* _RECORD EXCERPTS_:
=-=-=-=-=
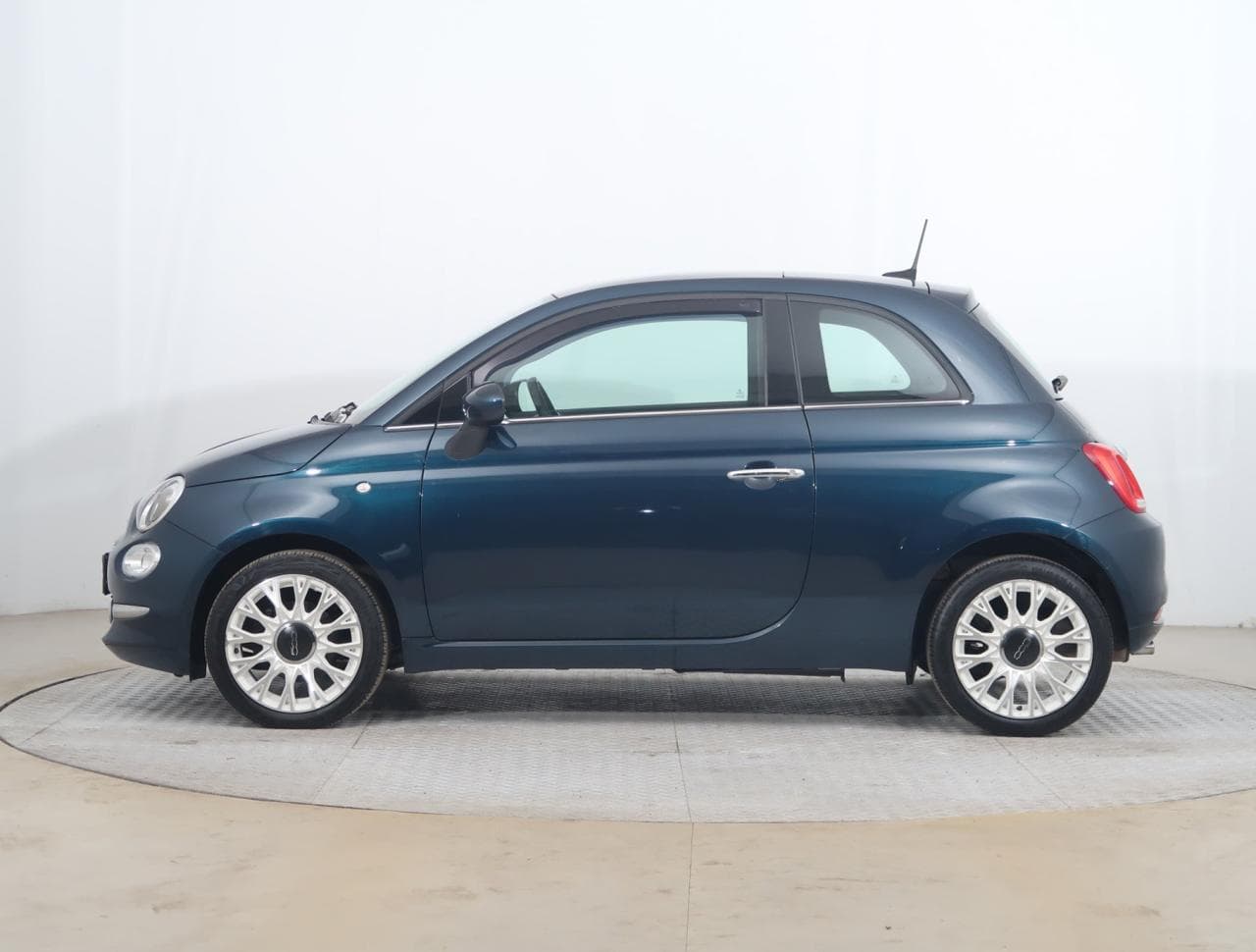 2019 Fiat 500 - 7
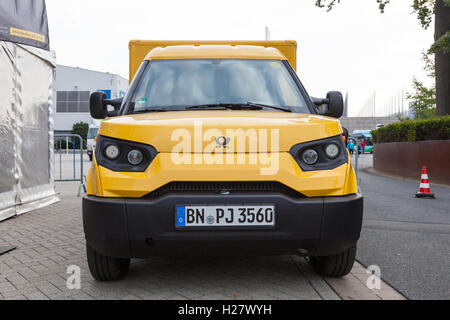 Neue elektrische Post-Lieferwagen von Deutsche Post DHL Stockfoto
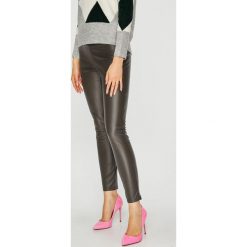 Silvian Heach - Legginsy. Legginsy damskie Silvian Heach, s, bez wzorów, ze skóry, klasyczne. W wyprzedaży za 149,90 zł.
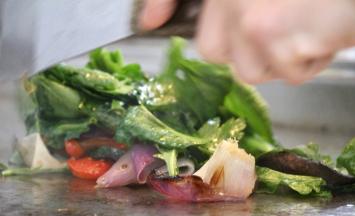 3. 菠菜、甜椒、茄子、牛排菇在平底锅内迅速翻炒；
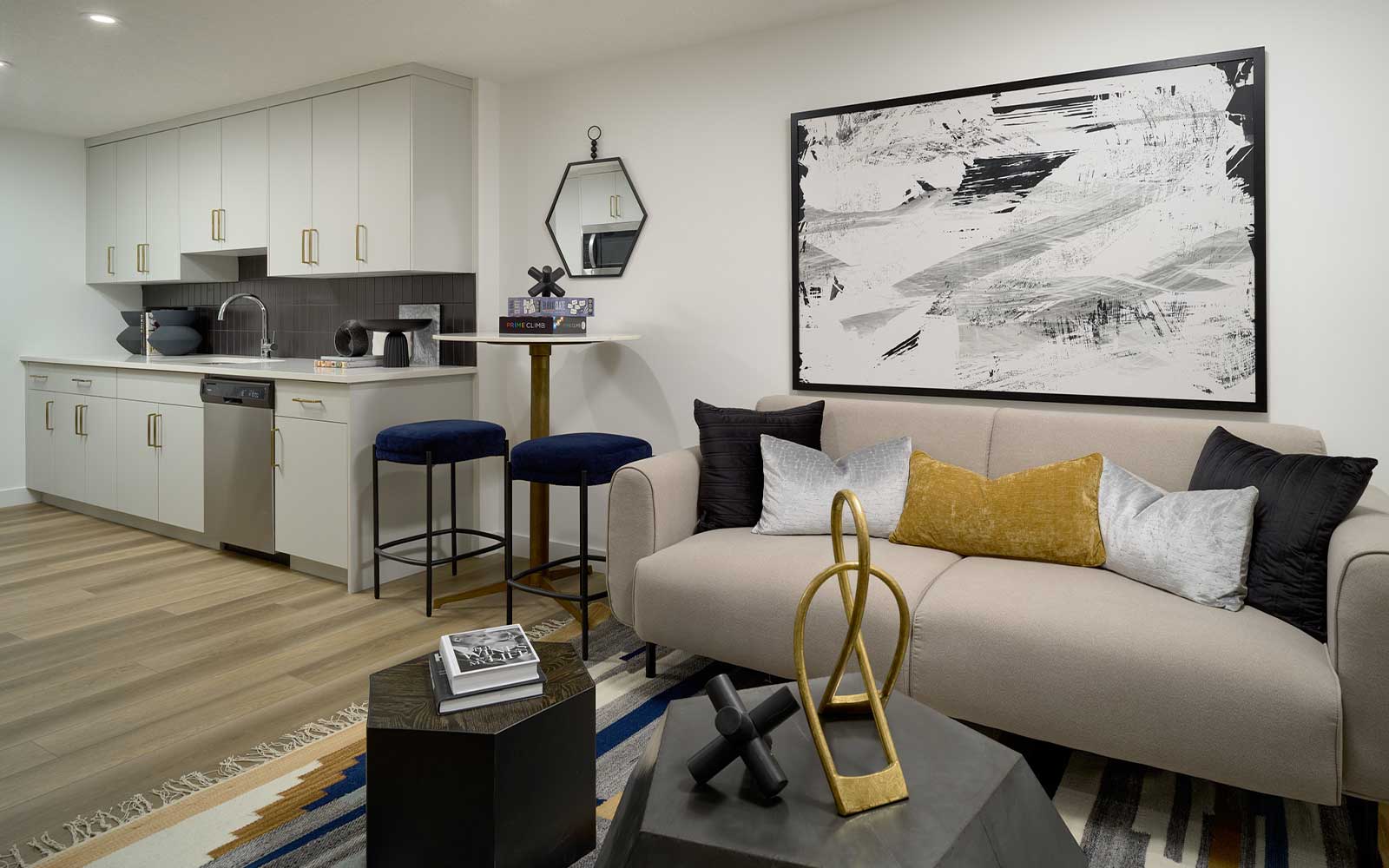 Brookfield Duplex Oak Basement Suite Starling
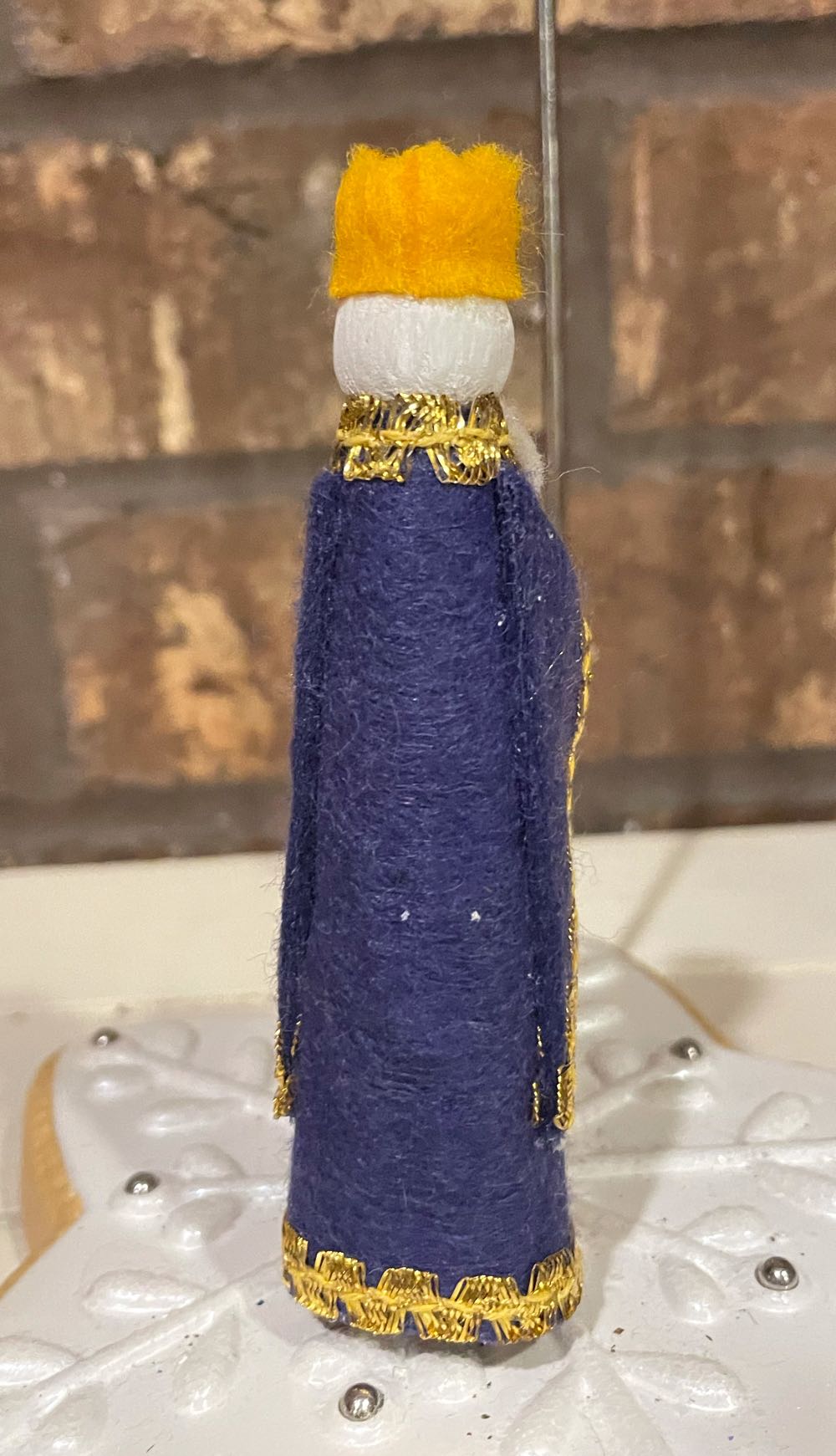 Arrow - Clothespin - Magi - Magi (Clothespin) ornament collectible - Main Image 2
=-=-=-=-=
* _ASSIGNMENT_:
Each line from the one containing "3. 菠菜、甜椒、茄子、牛排菇在平底锅内迅速翻炒；" through the last line of the listing must be copied exactly, and the pictures must not be.

* _SOLUTION FOR THIS TASK_:
 3. 菠菜、甜椒、茄子、牛排菇在平底锅内迅速翻炒；
 Brookfield Duplex Oak Basement Suite Starling
 Arrow - Clothespin - Magi - Magi (Clothespin) ornament collectible - Main Image 2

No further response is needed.